The CD3/CD28 monoclonal antibody (Invitrogen, 16-0037-85/16-0289-35) was used to coat the bottom of T25 flasks at 4°C overnight (5 ml PBS+25 ul CD3+10 ul CD28). After isolating CD14+ monocytes from PBMCs, the remaining cells were plated in T25 flasks coated with the CD3/CD28 mAb, and IL-2 (Peprotech, 200-02, 10 U/ml) was added to the medium. After 7 days, CD8+ T cells were magnetically labeled with CD8 microbeads and positively selected by stem cell technology (Stem Cell, 17853).

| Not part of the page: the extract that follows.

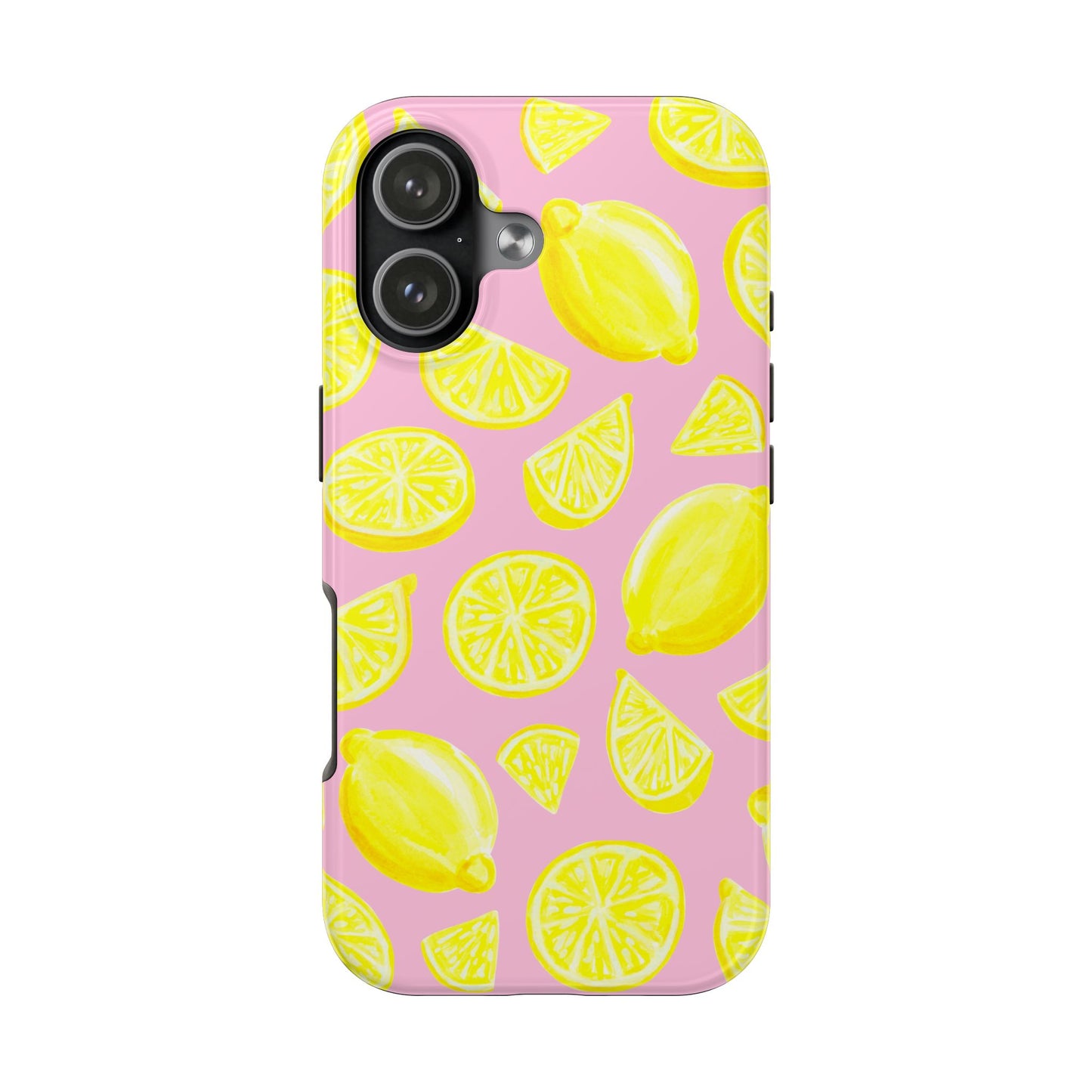 Bright Yellow Lemons Watercolor Illustrated Tossed Pattern Light Pink Tough Phone Case | Various Models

Establishment of the co-culture model
CD14+ monocytes were sorted out from PBMC and cryopreserved at -80°C, and the remaining cells were placed in a T25 culture flask coated with the CD3/CD28 monoclonal antibody. On day 5, cryopreserved CD14+ monocytes were recovered, and the co-expression of CD163/CD206 in CD14+ monocytes was detected by flow cytometry. CD14+ monocytes (0.1 million) were cocultured with hepatocellular carcinoma cell lines (0.5 million) at a ratio of 1:5 in 12-well plate. Hepatocellular carcinoma cell lines were placed between two layers of rat tail collagen by a sandwich three-dimensional culture method, and monocytes were placed in the upper layer of a transwell co-culture chamber (Corning, 3460), and cocultured with hepatocellular carcinoma cell lines for 2 days. On day 7, CD8+ T cells were sorted out from cells in the T25 culture flask. The expression of CD28, CD25, CD107A in CD8+ T cells was detected by flow cytometry. At this time, CD8+ T cells were added into the co-culture system for 24 hours. After 24 hours, the expression of Granzyme B and IFN-γ in CD8+ T cells and the medium were detected. During the whole co-culture process, the co-culture system contained 0.5 million hepatocellular carcinoma cell lines, 0.1 million primary CD14+ monocytes, and 0.1 million primary CD8+ T cells. Additional information is provided in Supplementary Methods and Figures.
Flow cytometry
Ex vivo CD14+ monocytes and CD8+ T cells cocultured with hepatocellular carcinoma cell lines were analyzed by validated flow cytometry methods, with a Beckman flow cytometer (Beckman). Surface marker expression was analyzed with flow cytometry using the following fluorochrome-labeled monoclonal antibodies: anti-CD14-APC (BioLegend, 325607), anti-CD163-PE-Cy7 (BioLegend, 326514), anti-CD206-PE (BioLegend, 321105), anti-CD8-APC-CY7 (BioLegend, 344714), anti-CD28-Percp-CY5.5 (BioLegend, 302921), anti-CD25-PE (BioLegend, 302605), anti-CD107A-APC (BioLegend, 328619), anti-Granzyme B-APC (Biolegend, 396407) and anti-IFN-γ-PE (BioLegend, 506506). Equivalent amounts of isotype-matched control antibodies and unstained cells were included in all experiments as negative and autofluorescence controls. Data were analyzed with CytExpert software (Beckman), after gating on the lymphoid and myeloid populations in the FSC/SSC plot. Values were expressed as the percent ratio of the marker of interest over that in the unstained cells. IFN-γ and Granzyme B in the medium were detected by the flow cytometry kit (BioLegend), and all operation steps were performed according to the product instructions. LEGENDplex v8.0 software (BioLegend) was used to analyze the results of the flow cytometry assay.
ELISA
A PGE2 ELISA assay kit (R&D system, KGE004B) was used to detect the level of PGE2 in hepatocellular carcinoma tissue lysate and culture medium, TGF-β ELISA assay kit (Thermo, BMS249-4) was used to detect the content of TGF-β in culture medium, and IFN-γ ELISA kit (Thermo, BMS228) and Granzyme B ELISA assay kit (Thermo, BMS2027) were used to detect the levels of IFN-γ and Granzyme B in CD8+ T cells lysates. All procedures followed the instructions of the kit.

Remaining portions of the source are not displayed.